__Directions__: Using only the entries below, output the lines starting at the one containing "सीएम धामी ने अधिकारियों के साथ की बैठक" and ending at the one containing "Torrevieja - Carrefour", exactly and inclusive of both, omitting the pictures.

__Data provided__:
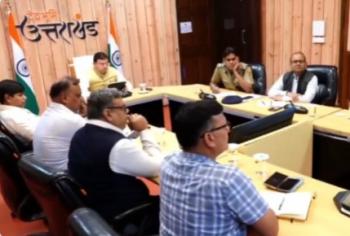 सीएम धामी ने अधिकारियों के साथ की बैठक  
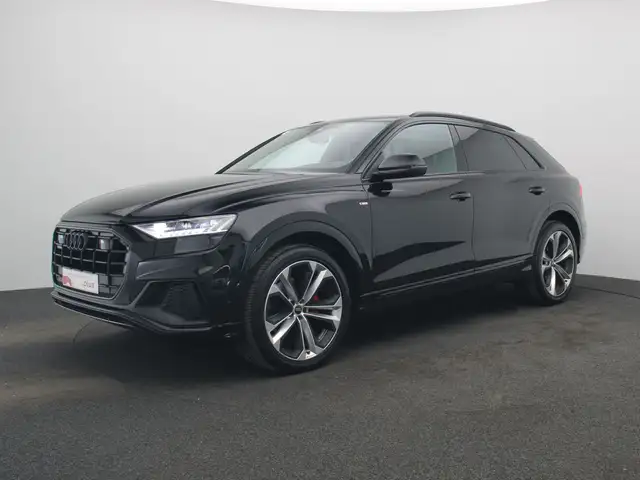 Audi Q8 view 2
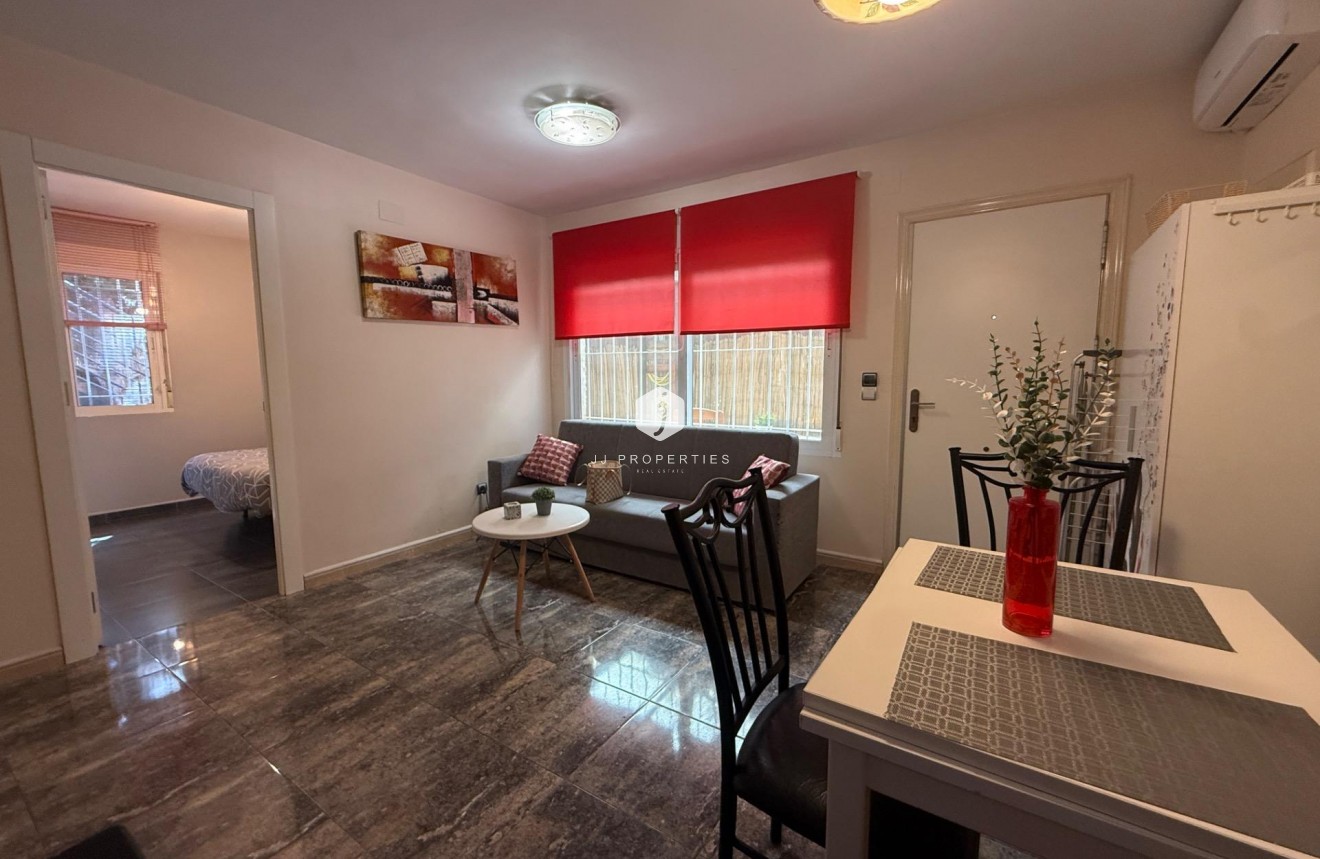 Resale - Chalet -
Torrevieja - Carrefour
...
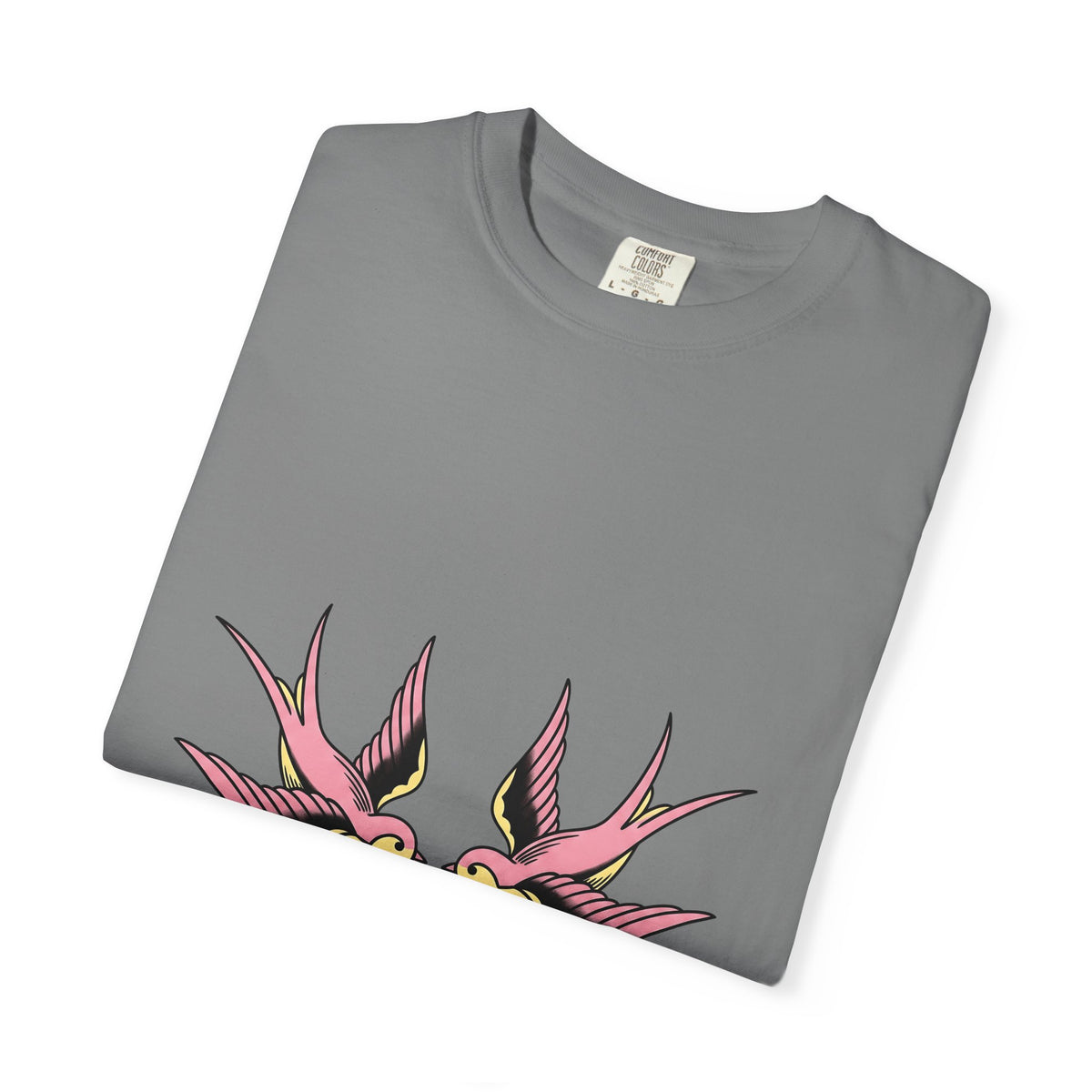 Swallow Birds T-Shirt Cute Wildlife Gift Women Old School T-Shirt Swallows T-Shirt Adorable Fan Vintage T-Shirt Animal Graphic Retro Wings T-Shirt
...
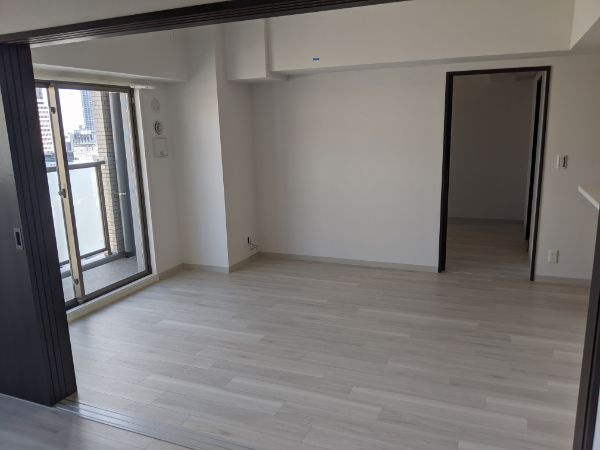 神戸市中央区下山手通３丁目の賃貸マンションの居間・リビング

__Result__:
 सीएम धामी ने अधिकारियों के साथ की बैठक  
 Audi Q8 view 2
 Resale - Chalet -
Torrevieja - Carrefour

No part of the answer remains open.